> [Caption-style text data]
+++

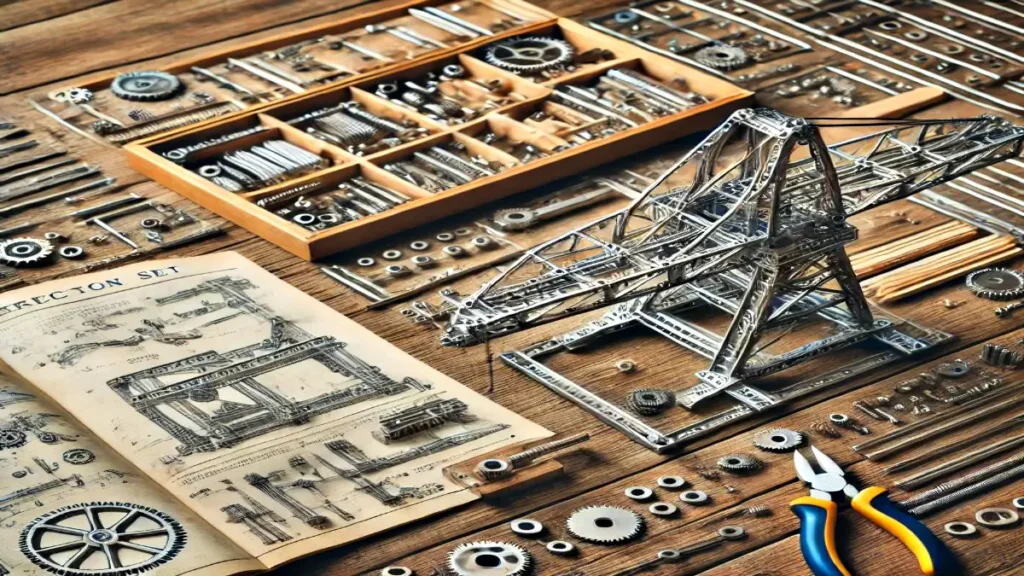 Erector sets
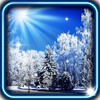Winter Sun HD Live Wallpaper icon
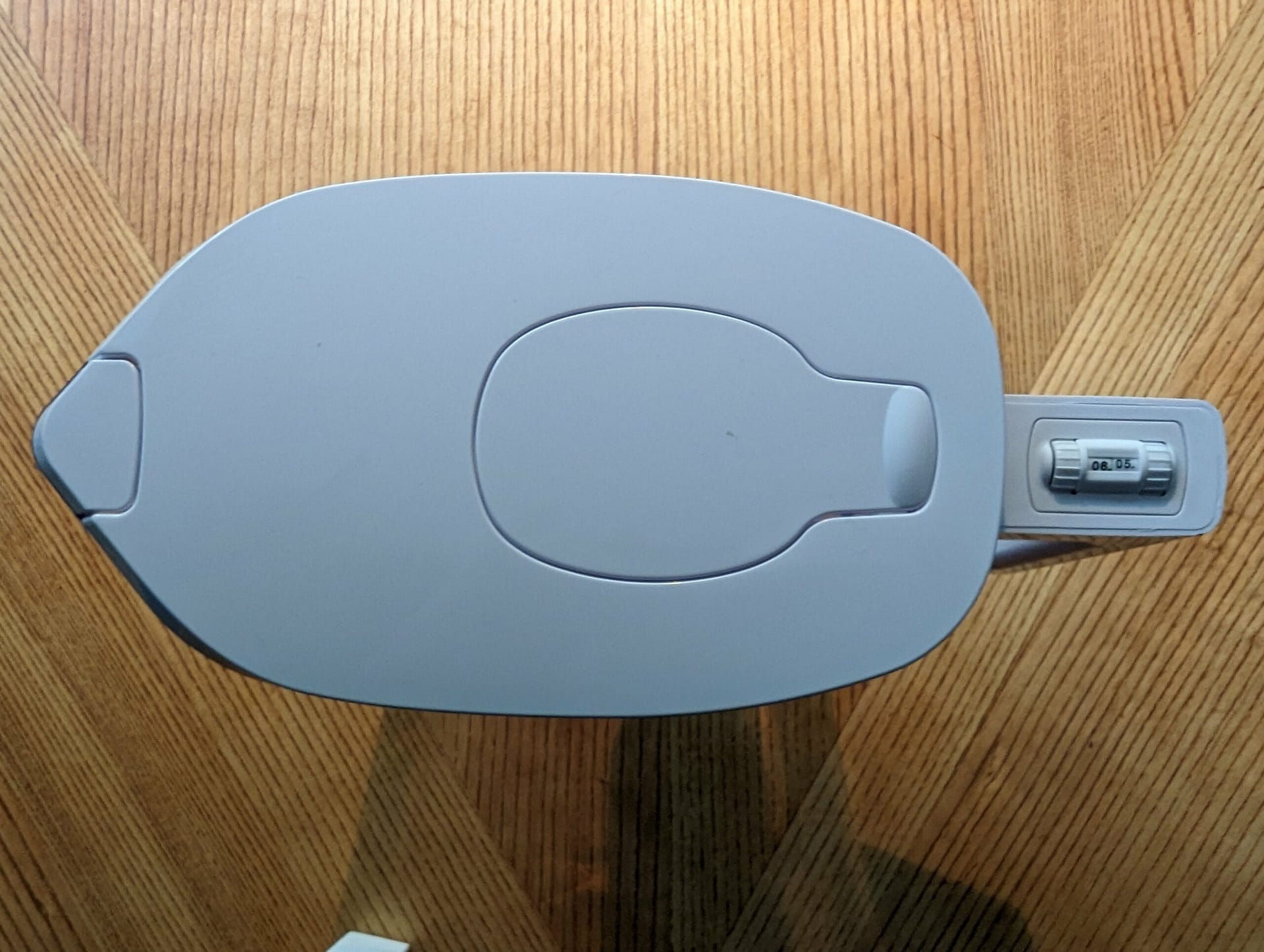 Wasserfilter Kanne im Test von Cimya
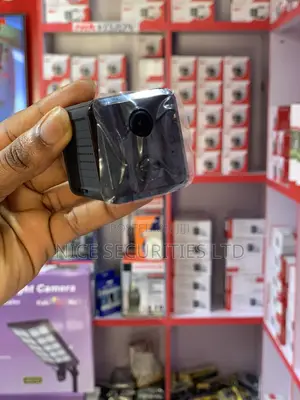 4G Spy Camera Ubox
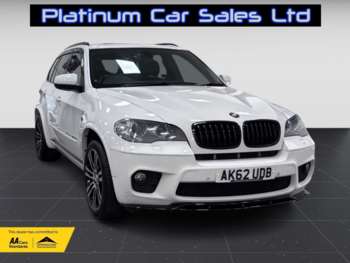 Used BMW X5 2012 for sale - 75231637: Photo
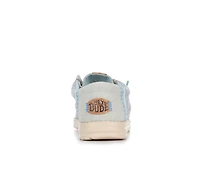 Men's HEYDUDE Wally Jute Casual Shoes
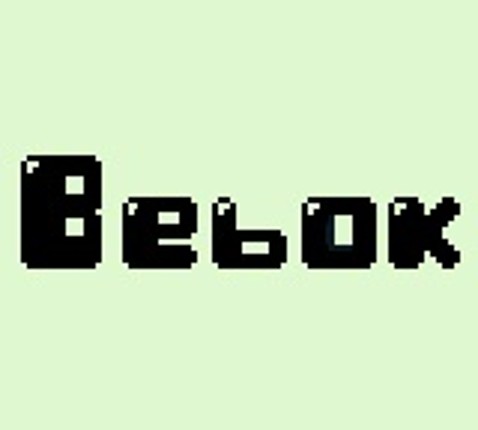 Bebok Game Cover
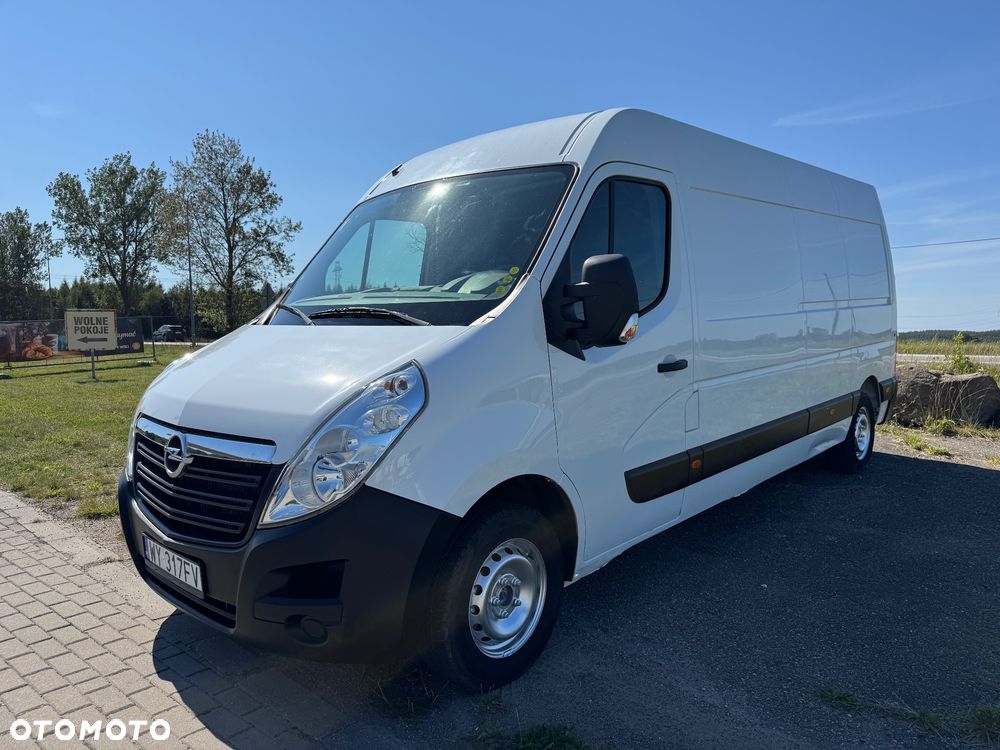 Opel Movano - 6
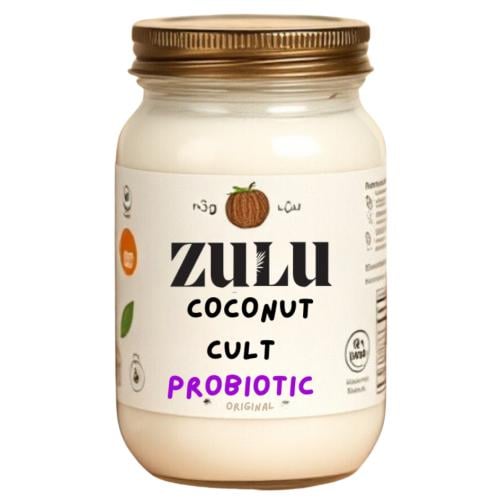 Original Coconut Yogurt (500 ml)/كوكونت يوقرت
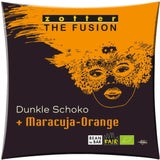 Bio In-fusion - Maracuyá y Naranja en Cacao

+++

Before copying, set the pictures aside; then reproduce each entry above exactly.

 Erector sets
Winter Sun HD Live Wallpaper icon
 Wasserfilter Kanne im Test von Cimya
 4G Spy Camera Ubox
 Used BMW X5 2012 for sale - 75231637: Photo
 Men's HEYDUDE Wally Jute Casual Shoes
 Bebok Game Cover
 Opel Movano - 6
 Original Coconut Yogurt (500 ml)/كوكونت يوقرت
 Bio In-fusion - Maracuyá y Naranja en Cacao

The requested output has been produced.